My nickname, given to me by one of Matt's Sergents at LO is Bad B. At least this is one of my nicknames. It hasn't caught on at the gym yet and so my goal is to earn that nickname. To be Bad B! When I do the WOD today I'm going all out. I'm not going to look at the wall to see what everyone else did, I'm just going all out. I pushing myself beyond my comfort zone and I'm not stopping until I'm done. Whatever my time ends up being doesn't matter. What matters is that I pushed myself and know deep down that I couldn't have given more. And then guess what, I'm going to do it again tomorrow! I get to take Sunday off so you know what, suck it up and do it!
Wow, I just tough talked myself in my own blog while sitting in my cubicle at work, I love it! Time for lunch and I can't wait! Running in the early AM speeds up the metabolism that's for sure!

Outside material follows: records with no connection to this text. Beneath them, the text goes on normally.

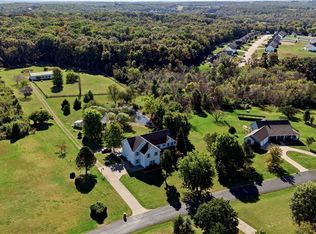 528 Grandview Farms Dr, Union, MO 63084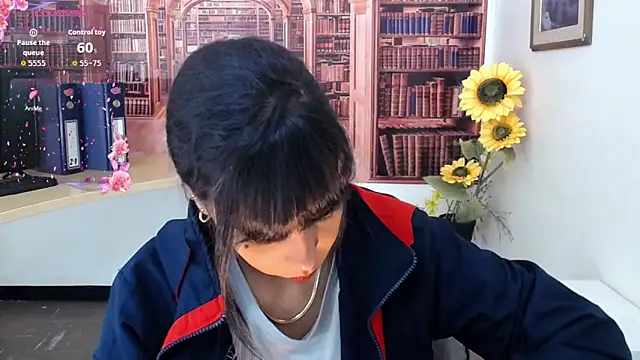 Snapshot of Catalella_Ar chatting on 10-21-25, 03:17 Catalella Ar online show from 10-21-25, 03:17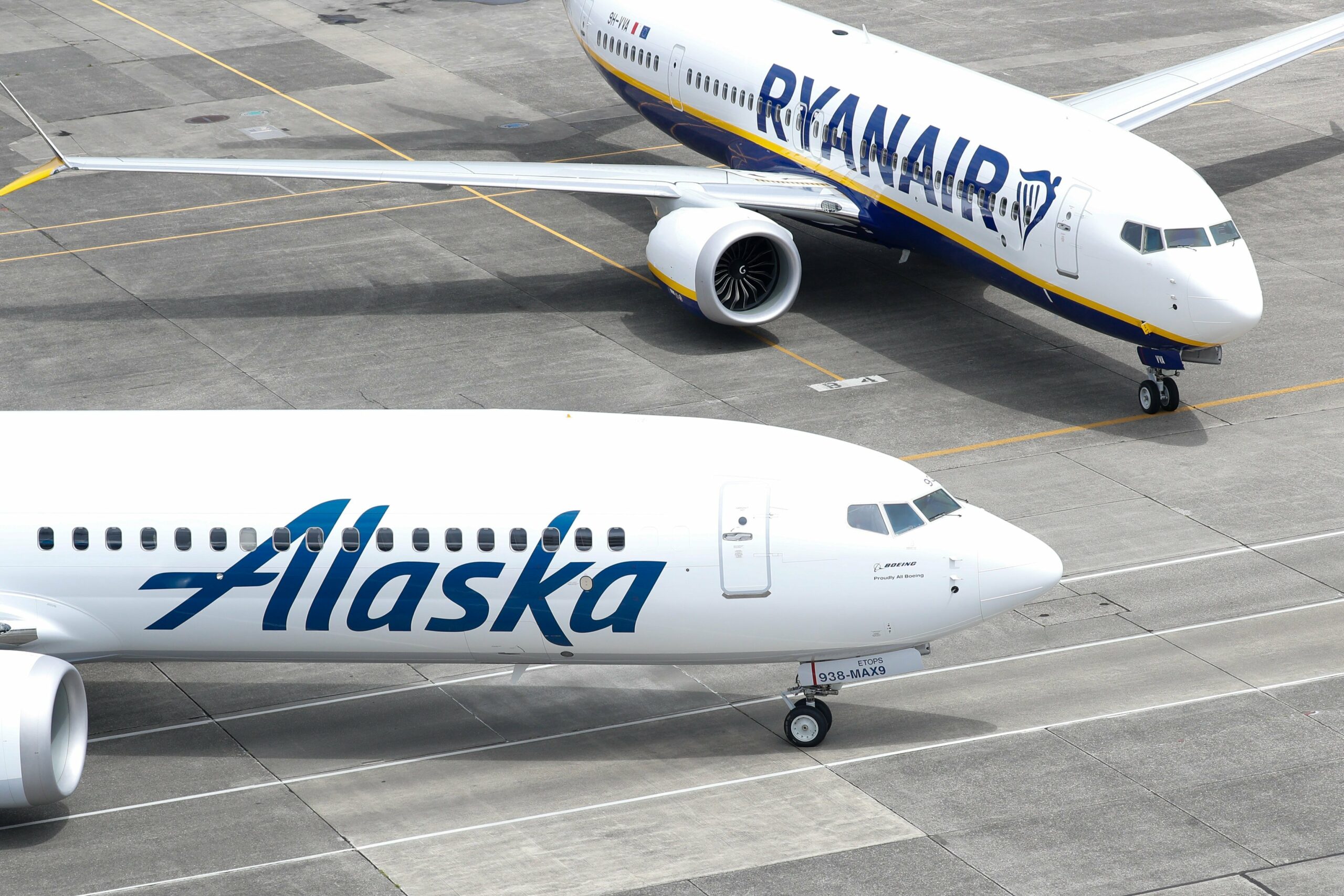 Off-duty pilot charged with attempted murder after allegedly trying to shut down jet’s engine midair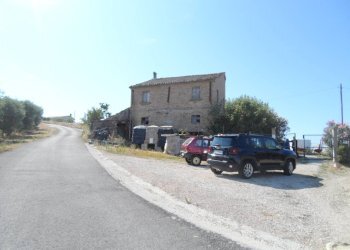 Foto 12 - Rustico Contrada Collelungo
 
17, Monsampolo del Tronto - foto 12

3:01 - Today has been super slow at work, I just re-read my self tough talk and am pumped. I'm pumped for the gym and lets be honest, SUPER PUMPED FOR MONDAY!! I can't wait to watch the Ducks play Auburn. I've been trying to not be that annoying Duck fan but come on now, we're playing in the championship game on Monday!! Anyways, I'm excited for the workout and I'm excited to push myself through my soreness and see what I can achieve. I'm feeling strong today, at least mentally strong, and can't wait. About 30 more minutes at work then I'm out of here, going to try to warm up early and go through some mobility work before the WOD since I'm so sore.